I have to be trite here, since once again mere words cannot do justice to the 90+ minutes of the regulation play (not to mention the extra-time) that Barcelona and Inter Milan graced the world with today.
For the record, Inter Milan won the game 4 – 3, and advance to the Champions League final 7 -6 on aggregate.
I said to Gary Striker as the first half ended that I did not see a way back into this match for Barça. They were down two, the last one coming off a penalty when Pau Cubarsí’s tackle showed him striking Lautaro Martínez’s foot and not the ball in the 43rd minute. Indeed, Barça looked a bit disjointed and out-of-sync. Maybe they were distracted by the hideousness of their away kit, or just feeling the pressure.
I won’t lie, I felt the first half was a bit of a let-down.

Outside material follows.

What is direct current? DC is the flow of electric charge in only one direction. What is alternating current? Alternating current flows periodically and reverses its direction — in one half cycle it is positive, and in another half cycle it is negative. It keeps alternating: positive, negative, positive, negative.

It all started with Eric García’s insane volley in the 54th. What a shot! Then three minutes later García found himself with an open net after a breakaway. He took the shot the first time, but out of nowhere the orange-clad Yann Sommer got his hands on it. That stop will surely be one of the Save of the Year candidates.
In the 60th Gerard Martín laced a perfect cross into the box, met by Dani Olmo’s run and his header was a laser even Sommer could not stop. Inter was getting hit by a flurry of body-blows and up against the ropes. Barcelona was a team rejuvenated, tearing their way through Milan’s lines.
It appeared the dagger was buried to the hilt in the 87th minute when Raphinha took a pass on the left side of the box. His sublime touch set up a left-footed rocket. Sommer parried it right back to Raphinha, who this time took it on his right foot and kissed it off the post. That had to be it.
But no. Because this is the greatest game in the world and on the biggest stage the drama does. not. end.
In the 92nd minute, Lamine Yamal had a shot hit off the post.
In the 93rd Francesco Acerbi, a 37-year old center back playing with his eleventh Serie A side, took a Denzel Dumfries cross and hit it with a striker’s precision into the upper corner. It was a truly magnificent strike that lifted the San Siro into new levels of insanity.
The goal that sealed it epitomized everything about this game. Luck wasn’t present on this field tonight. There were no deflections, no accidents. Every goal was a masterclass in orchestration, deliberate passing and crisp finishing; every stop a lesson in discipline and pure skill.
When Marcus Thuram received the ball in the box nine minutes into extra time, he showed how hold-up play works. Keeping the ball at his feet, he danced around the defenders before passing to Mehdi Taremi. Taremi deftly offloaded to Davide Frattesi, who froze the defense with a stutter, then struck into the smallest margin of space; such a cool finish.
But the match wasn’t done. Barcelona fought and clawed and struggled right up to the last. Lamine Yamal was sublime in possession. It’s absolutely criminal that someone had to lose tonight. By all rights what we saw over these two fixtures was worthy of a final at any level of competition.
When was the last time you saw a goalkeeper win Man of the Match after conceding three goals? You haven’t. THAT’S how good he was.